En affirmant que la Chine et l’Inde doivent être “amis et bons voisins”, Xi Jinping a tendu la main à Narendra Modi, qui a répondu en évoquant “la confiance et la sensibilité mutuelles”. Les mots sont choisis, presque prudents, mais ils traduisent une volonté d’apaisement après des années de tensions, notamment depuis les affrontements frontaliers meurtriers de 2020.
Ce rapprochement survient dans un contexte de crispations accrues avec Washington. L’Inde vient d’être frappée par de nouveaux tarifs douaniers américains pour ses achats de pétrole russe, tandis que la Chine subit un conflit commercial et technologique de haute intensité. Dans ce paysage, Pékin et New Delhi explorent la possibilité d’une entente pragmatique qui leur permettrait de contenir les pressions extérieures.
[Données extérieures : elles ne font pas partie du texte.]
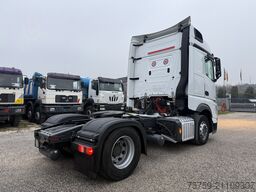 Mercedes-Benz Actros 1845 ADR ÖL-Retarder Euro6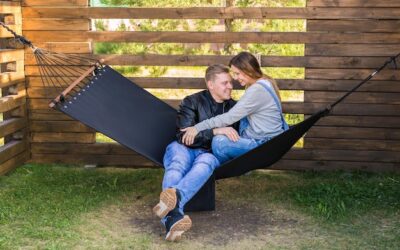 Dokąd na weekend we dwoje, gdy szukasz spokoju i bliskości natury?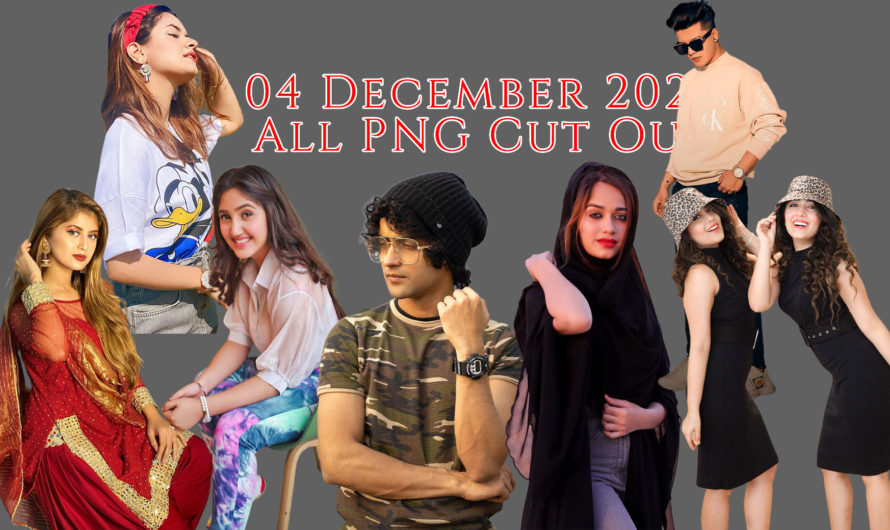 04 Decemeber 2020 All Posted PNG Cut Out Images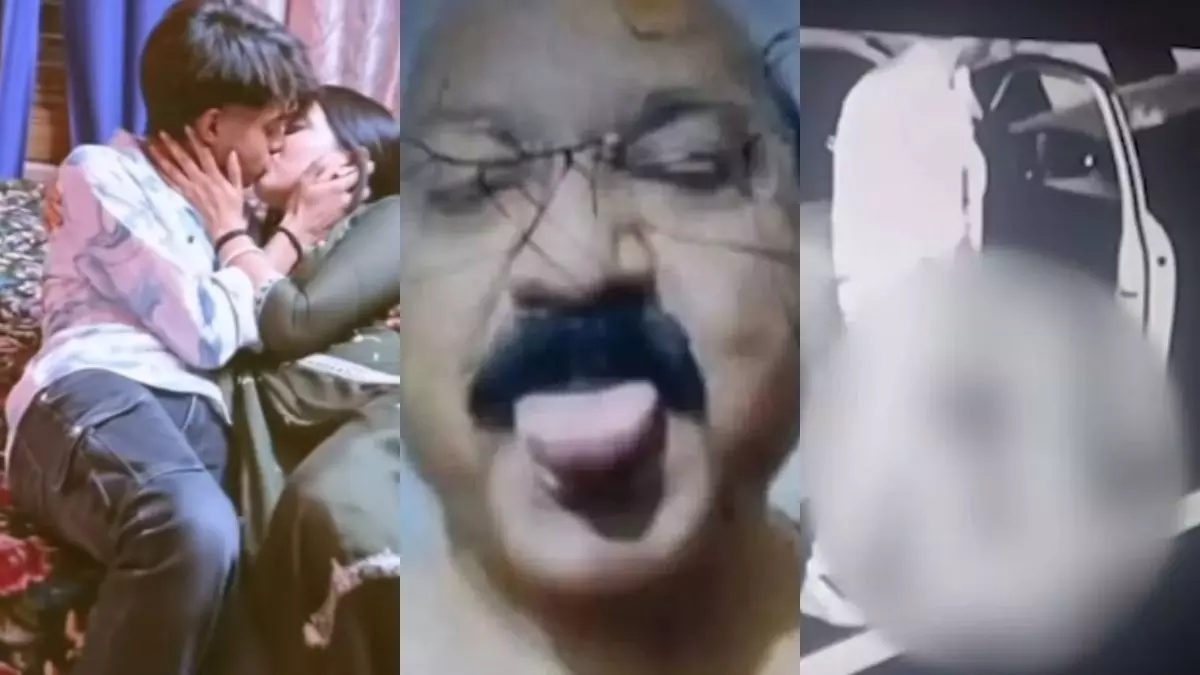 काजल कुमारी-सुनील कुमार पिंटू के बाद अब Palli Gram TV के Sofik SK का MMS जमकर हो रहा वायरल, धाकड़ भी रह गए पीछे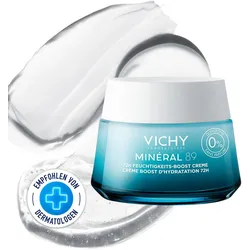 Vichy Mineral 89 Creme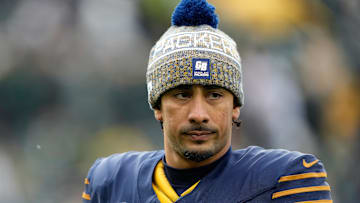 Carolina Panthers v Green Bay Packers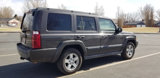 Used 2006 Jeep Commander 2WD image 4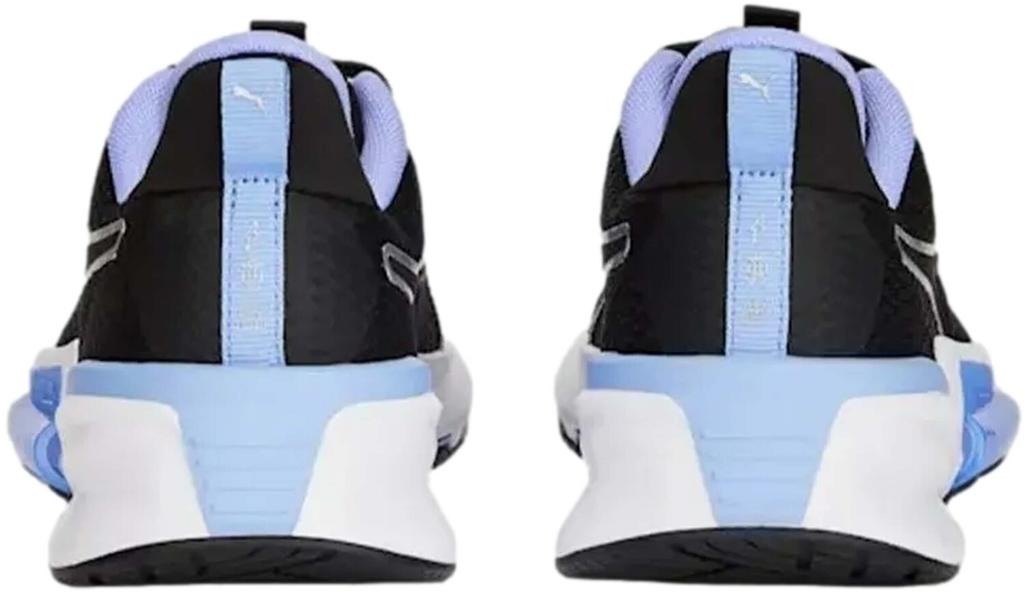 Puma PWRFrame TR 2 Women Sneakers Black/elektro Purple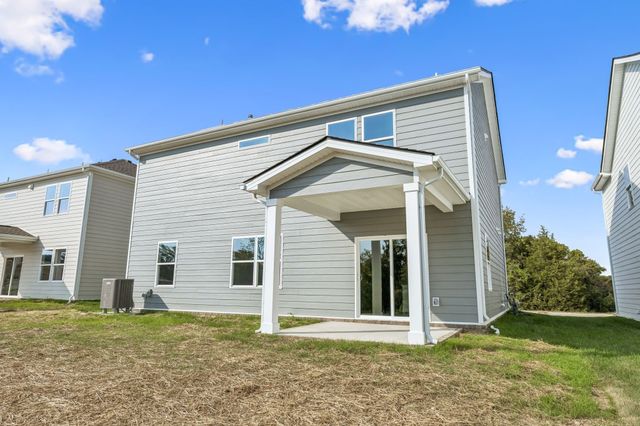 118 Dahlia Dr, La Vergne, TN 37086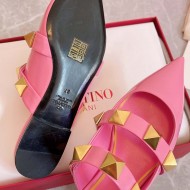 Valentino Ballet Flat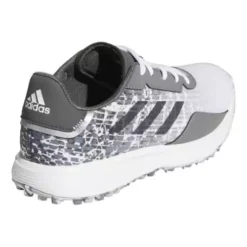 Kids' Adidas S2G Spikeless Golf Shoes 11 Kids' Adidas S2G Spikeless Golf Shoes -Shoe Discount Store 19573466748 5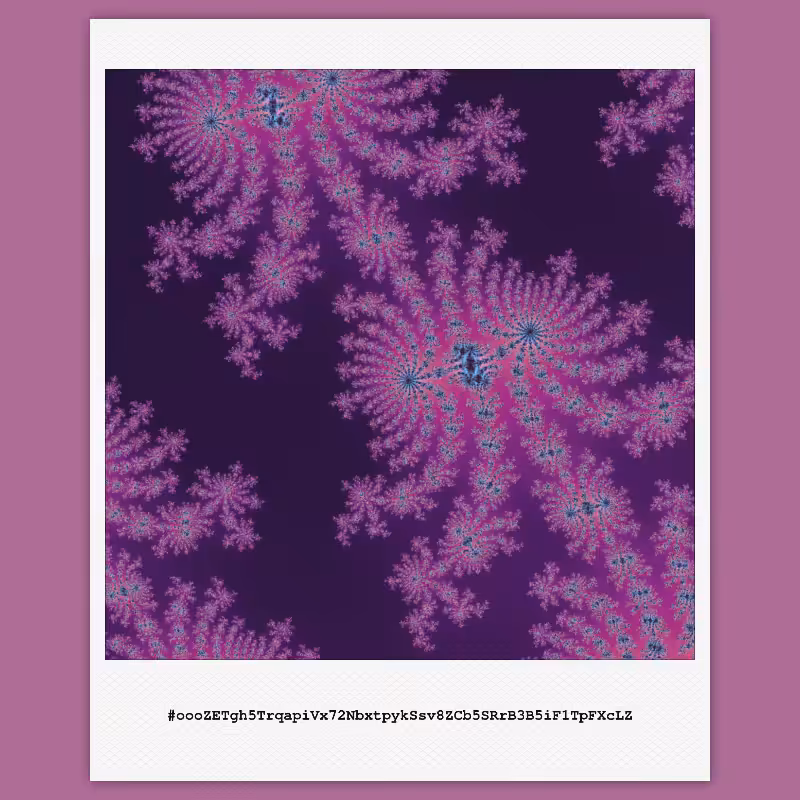Mandelroid #342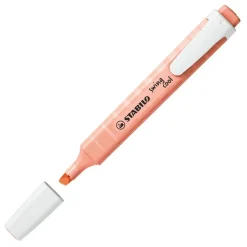 STABILO swing cool Pastel Textmarker orange, 1 St. 275/126-8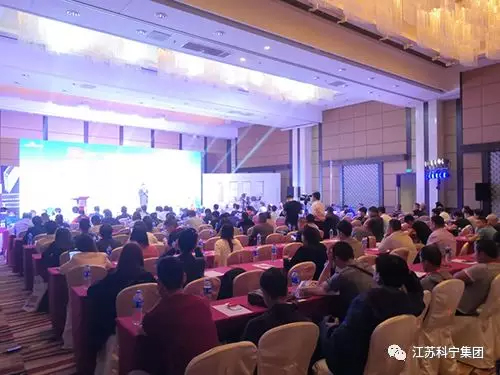 再获殊荣,江苏科宁集团获奎林“优秀经销商奖”! 再获殊荣,江苏科宁集团获奎林“优秀经销商奖”!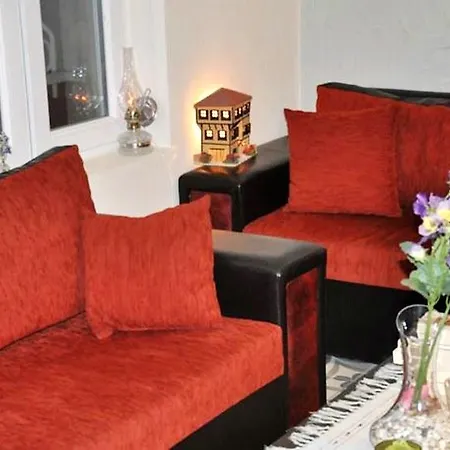 Mor Salkim Konagi Penzion Alaçatı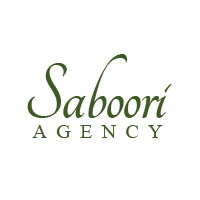 Saboori Agency Logo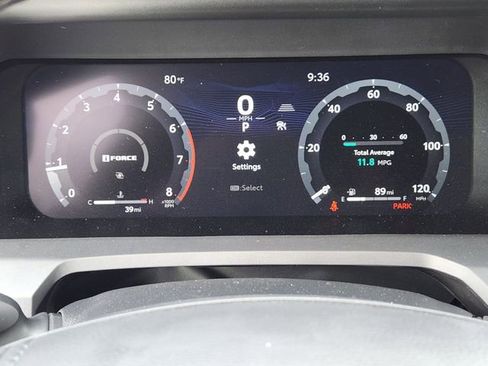 New 2026 Toyota Tacoma TRD Off-Road AWD/4WD image 13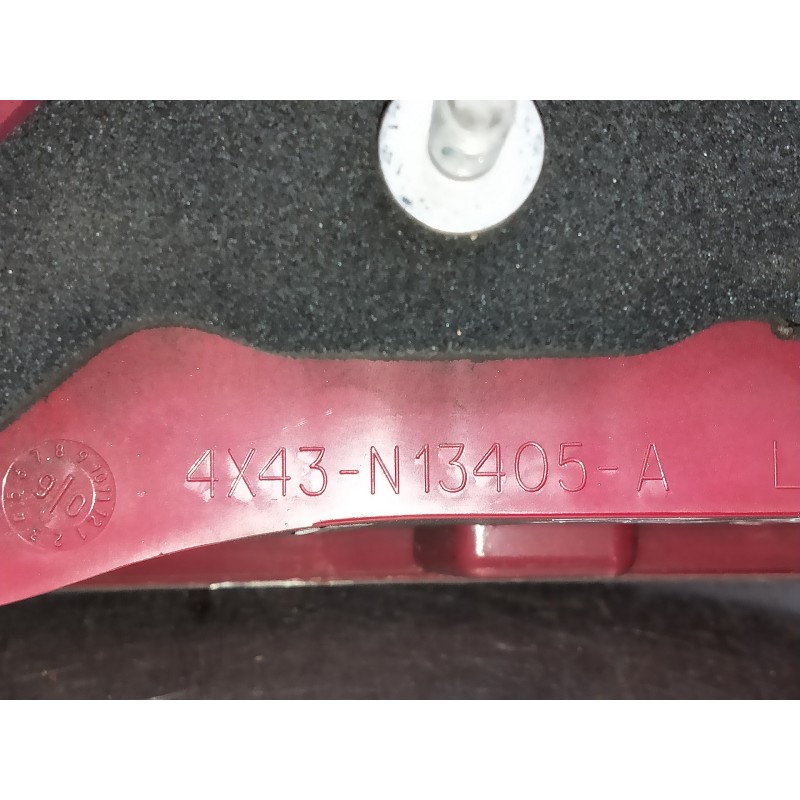 Recambio de piloto trasero izquierdo para jaguar x-type wagon 2.0 d classic referencia OEM IAM 4X43N13405A  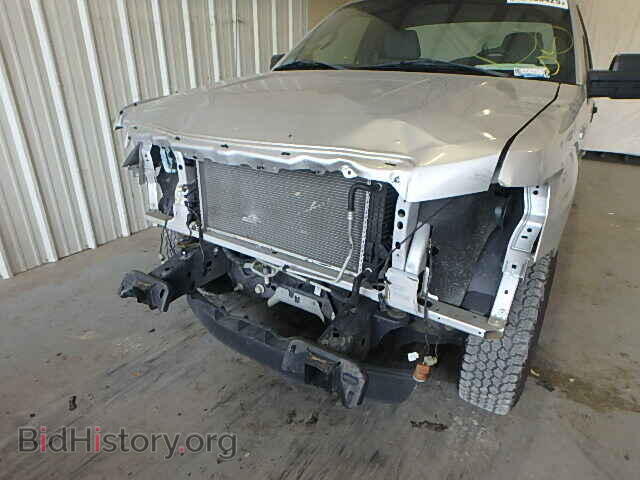 2011 FORD F150 - VIN: 1FTMF1CM8BFC20264 - Фото 9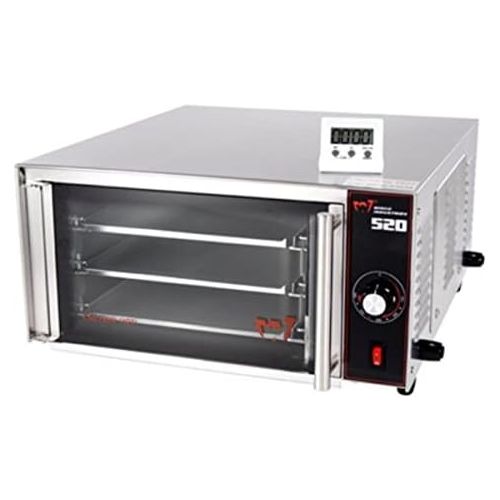  Wisco 520 Cookie Convection Oven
Pourtant, l’histoire bilatérale rappelle que la frontière himalayenne, les rivalités en Asie du Sud et la compétition pour l’influence en Afrique pèsent lourd. La rhétorique de la “bonne voisinage” ne fait pas disparaître les différends. Mais elle suggère une reconnaissance partagée : dans un monde fracturé, deux géants voisins doivent parfois privilégier le dialogue plutôt que l’escalade.
La portée de cette rencontre réside moins dans la déclaration elle-même que dans le signal politique envoyé : la géopolitique asiatique n’est pas figée et les alliances peuvent évoluer.
À Tianjin, Xi et Modi ont souligné que, dans un monde fracturé, la diplomatie se mesure à sa capacité de convertir la rivalité en espace de négociation.